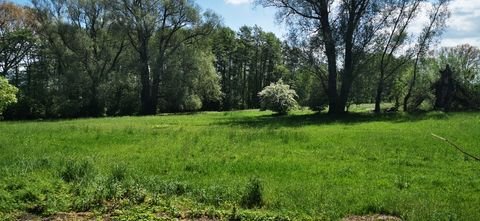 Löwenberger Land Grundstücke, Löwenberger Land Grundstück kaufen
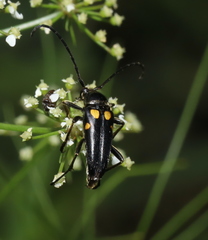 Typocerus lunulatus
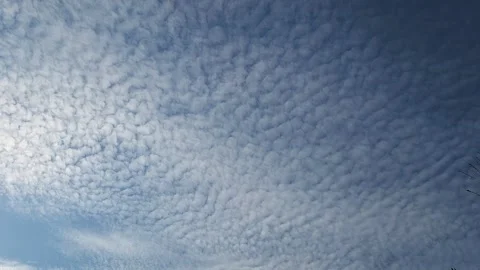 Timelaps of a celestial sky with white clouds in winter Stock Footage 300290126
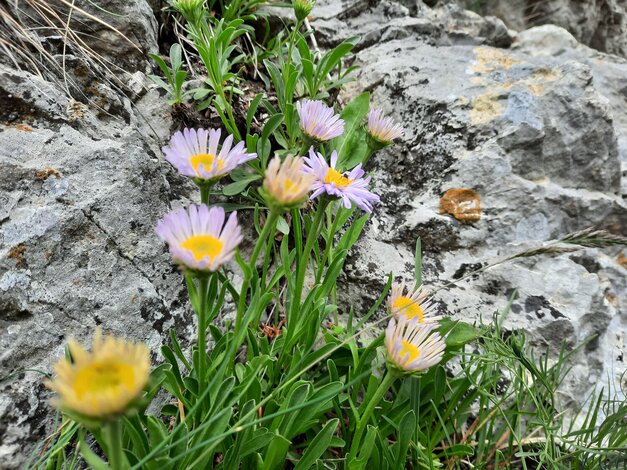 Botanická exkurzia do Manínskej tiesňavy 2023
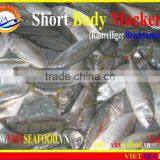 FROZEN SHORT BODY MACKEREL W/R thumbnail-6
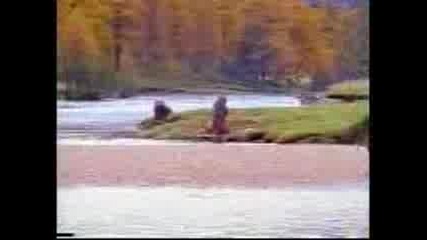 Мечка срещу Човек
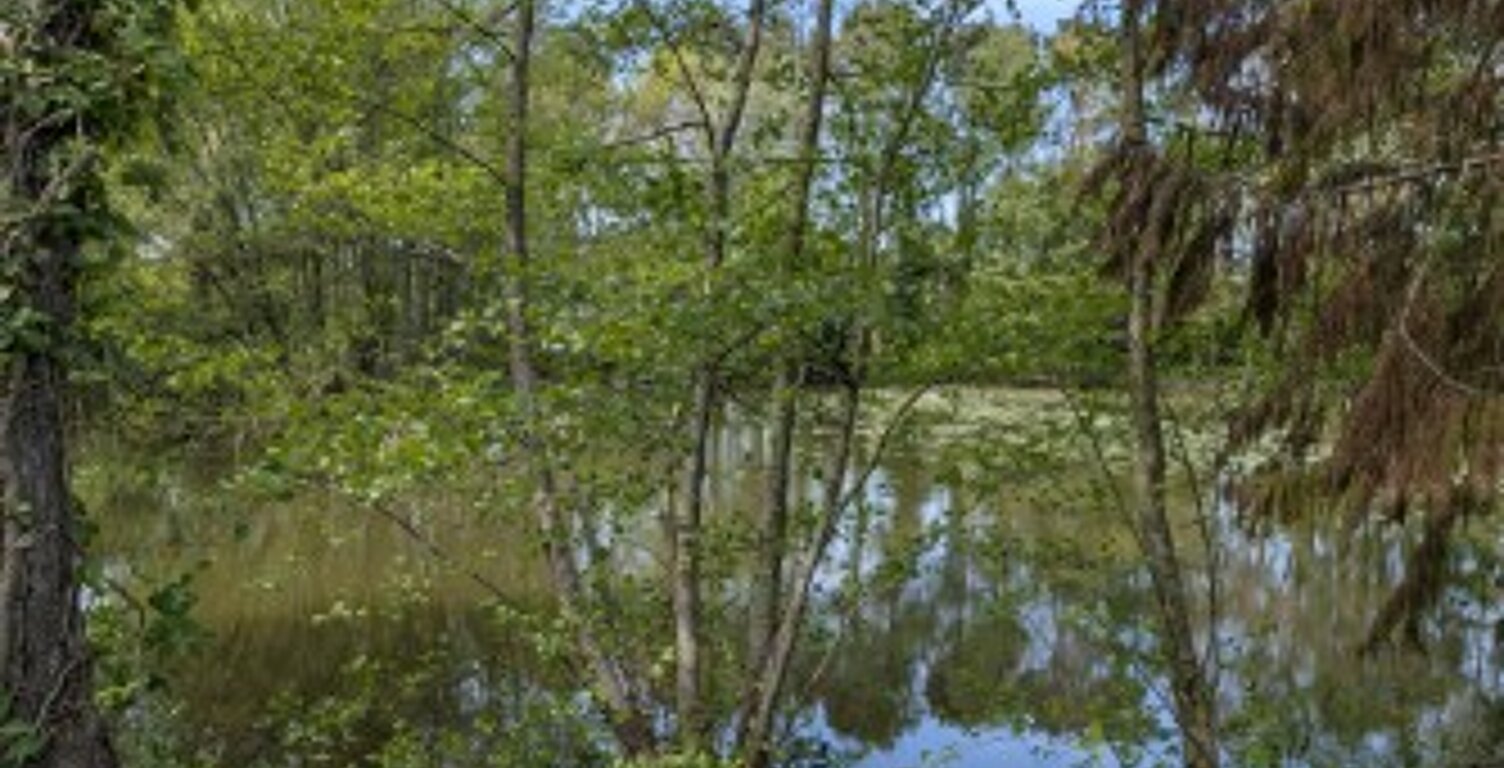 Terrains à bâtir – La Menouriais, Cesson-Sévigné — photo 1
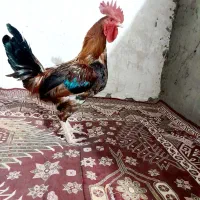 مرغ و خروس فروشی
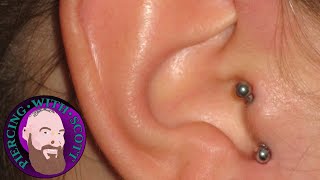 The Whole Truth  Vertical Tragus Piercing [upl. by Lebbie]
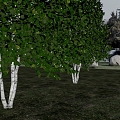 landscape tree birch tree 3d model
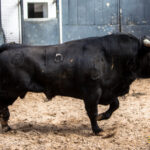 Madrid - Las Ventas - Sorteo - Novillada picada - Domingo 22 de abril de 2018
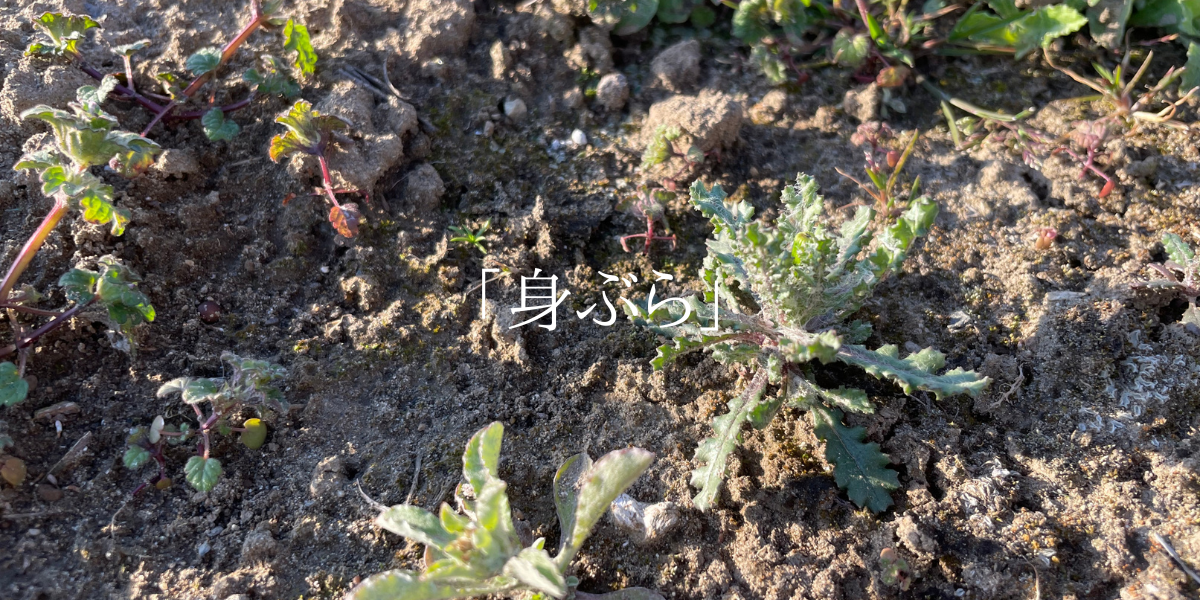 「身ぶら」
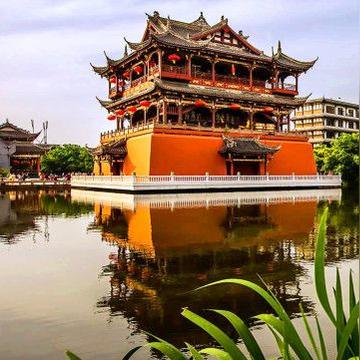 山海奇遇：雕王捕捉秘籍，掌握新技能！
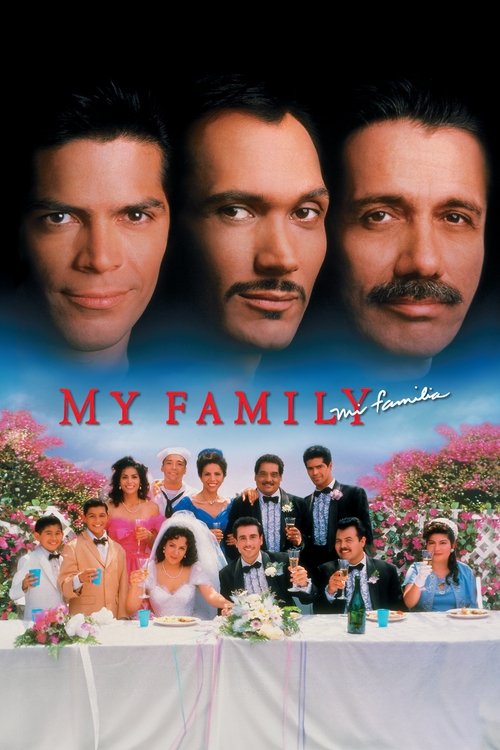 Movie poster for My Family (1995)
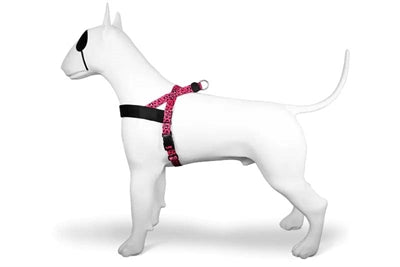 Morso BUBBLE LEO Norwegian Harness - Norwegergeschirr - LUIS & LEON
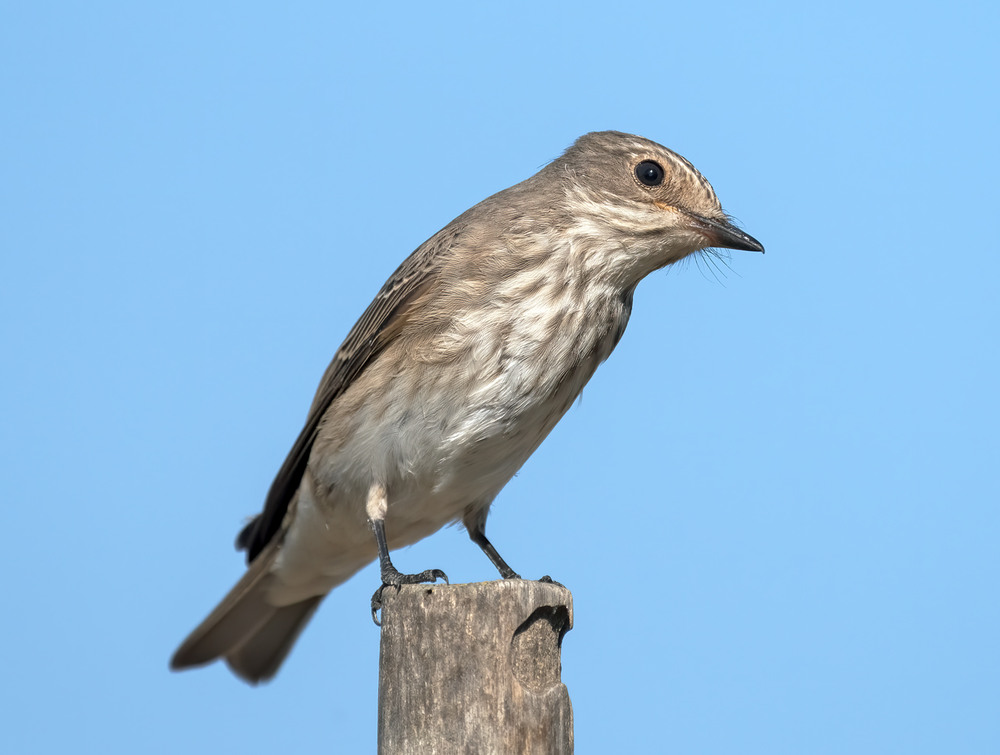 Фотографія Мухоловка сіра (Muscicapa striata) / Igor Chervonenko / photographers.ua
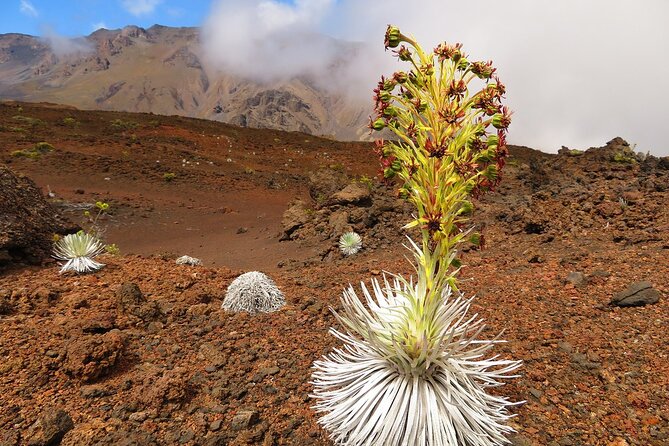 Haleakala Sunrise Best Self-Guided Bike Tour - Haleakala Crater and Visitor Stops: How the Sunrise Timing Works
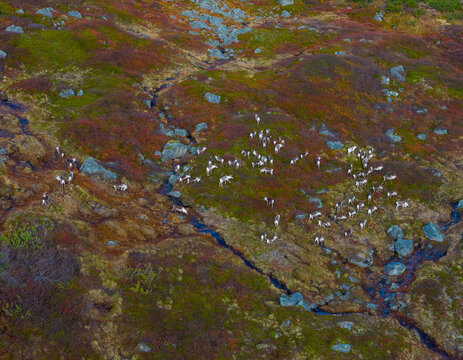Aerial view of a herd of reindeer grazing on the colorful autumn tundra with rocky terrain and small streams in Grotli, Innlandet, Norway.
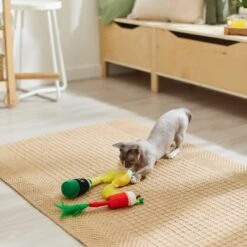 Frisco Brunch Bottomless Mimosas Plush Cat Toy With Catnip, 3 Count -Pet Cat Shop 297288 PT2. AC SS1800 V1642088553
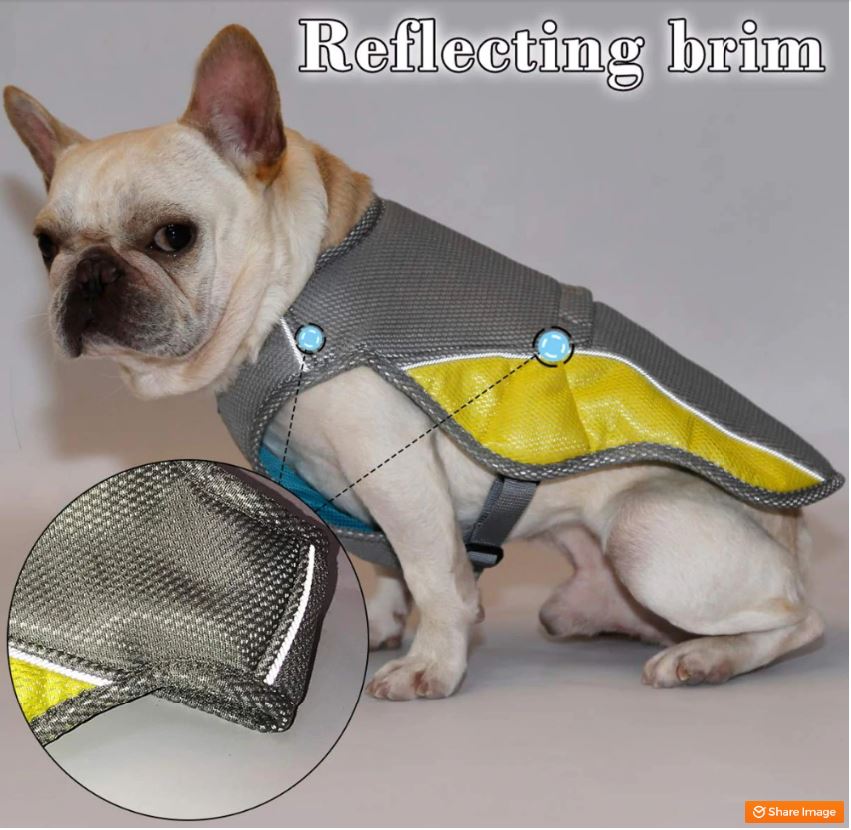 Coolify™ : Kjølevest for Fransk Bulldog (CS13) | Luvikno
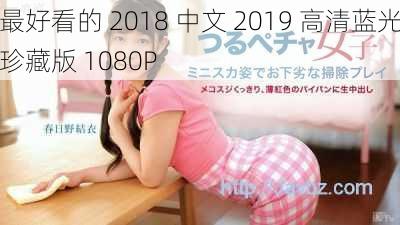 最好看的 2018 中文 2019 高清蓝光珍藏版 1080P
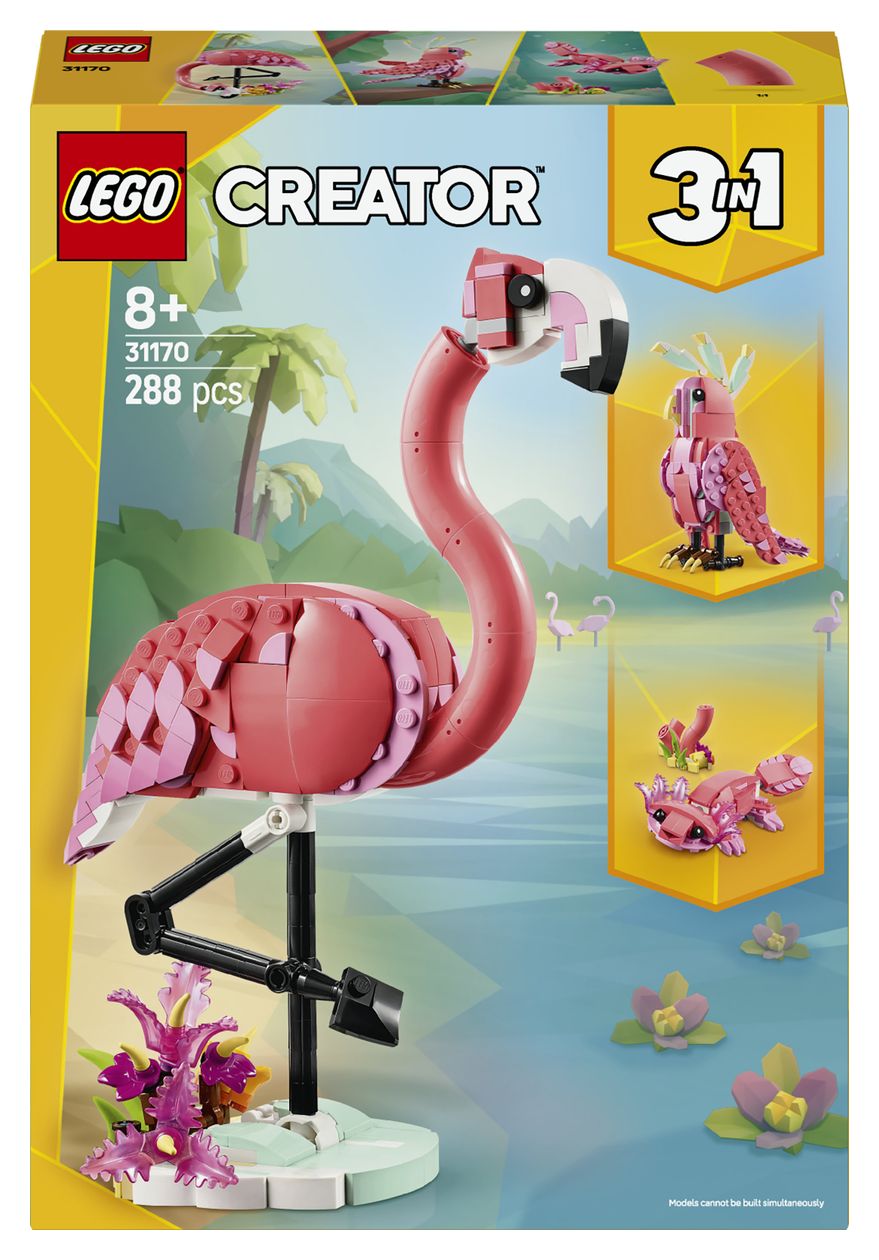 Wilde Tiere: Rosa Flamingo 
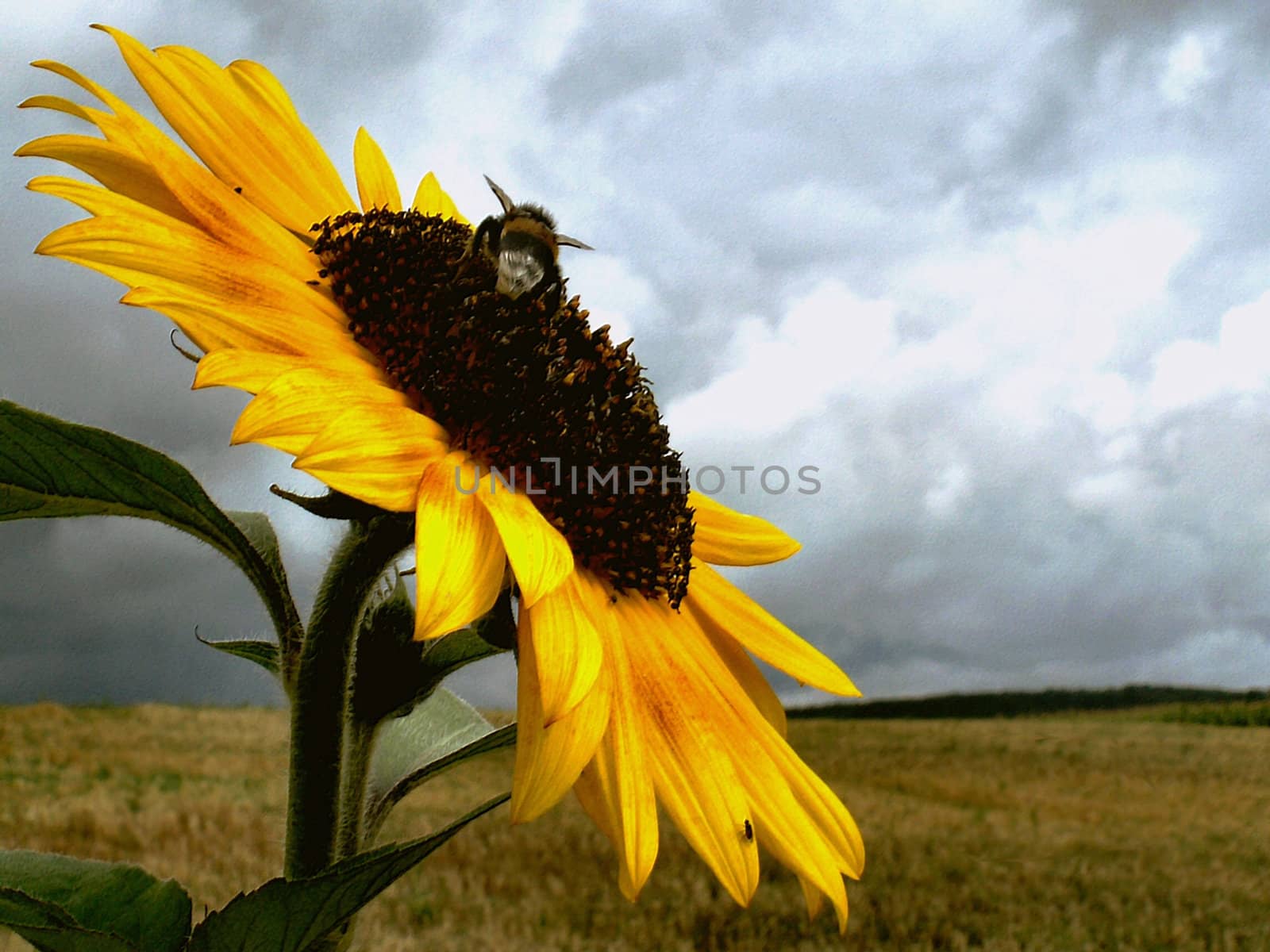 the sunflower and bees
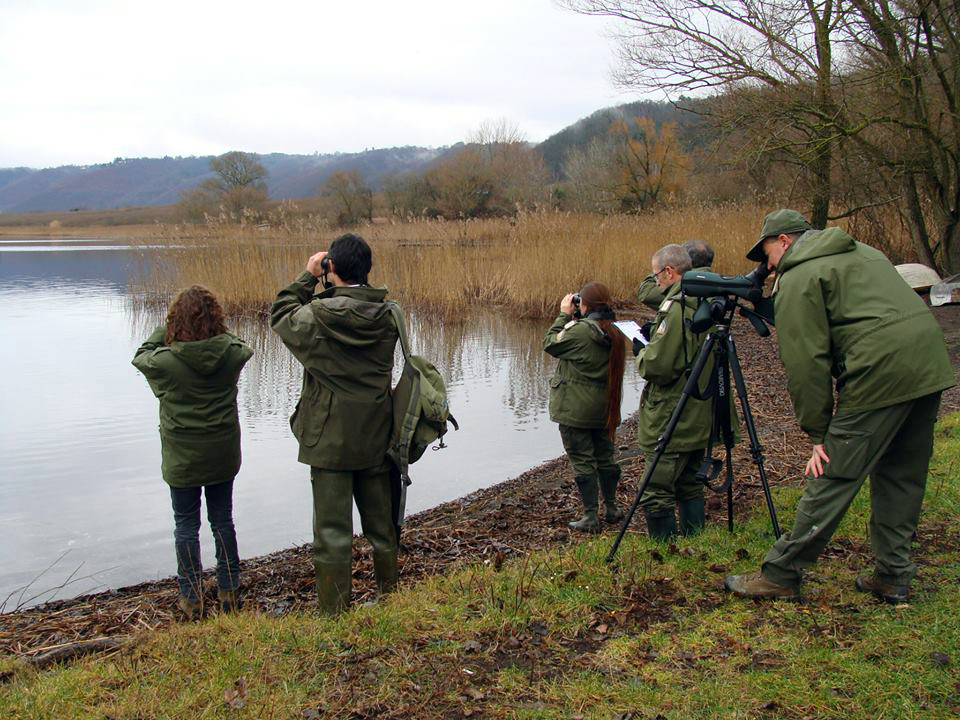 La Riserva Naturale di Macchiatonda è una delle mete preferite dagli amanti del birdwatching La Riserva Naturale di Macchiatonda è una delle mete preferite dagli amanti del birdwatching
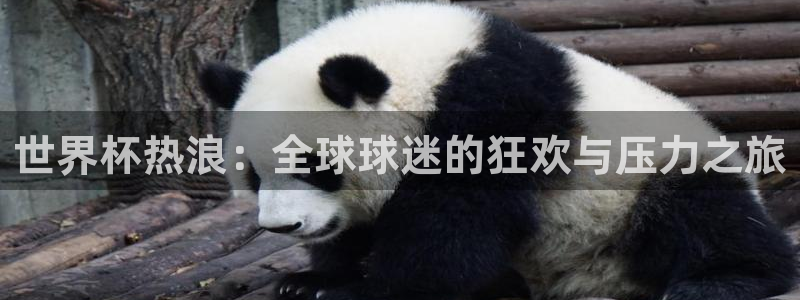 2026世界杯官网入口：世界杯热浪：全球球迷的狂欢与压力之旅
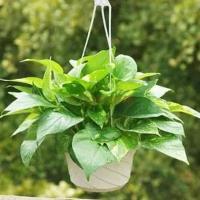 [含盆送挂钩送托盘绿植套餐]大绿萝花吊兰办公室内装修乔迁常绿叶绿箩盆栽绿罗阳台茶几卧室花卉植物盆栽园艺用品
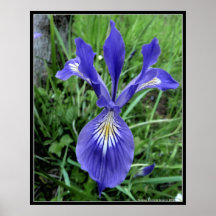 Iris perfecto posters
============
All lines above starting at the one with "Terrains à bâtir" and ending at the one with "Фотографія Мухоловка сіра", inclusive, are to be printed again exactly, with the pictures left out.

 Terrains à bâtir – La Menouriais, Cesson-Sévigné — photo 1
 مرغ و خروس فروشی
 The Whole Truth  Vertical Tragus Piercing [upl. by Lebbie]
 landscape tree birch tree 3d model
 Madrid - Las Ventas - Sorteo - Novillada picada - Domingo 22 de abril de 2018
 「身ぶら」
 山海奇遇：雕王捕捉秘籍，掌握新技能！
 Movie poster for My Family (1995)
 Morso BUBBLE LEO Norwegian Harness - Norwegergeschirr - LUIS & LEON
 Фотографія Мухоловка сіра (Muscicapa striata) / Igor Chervonenko / photographers.ua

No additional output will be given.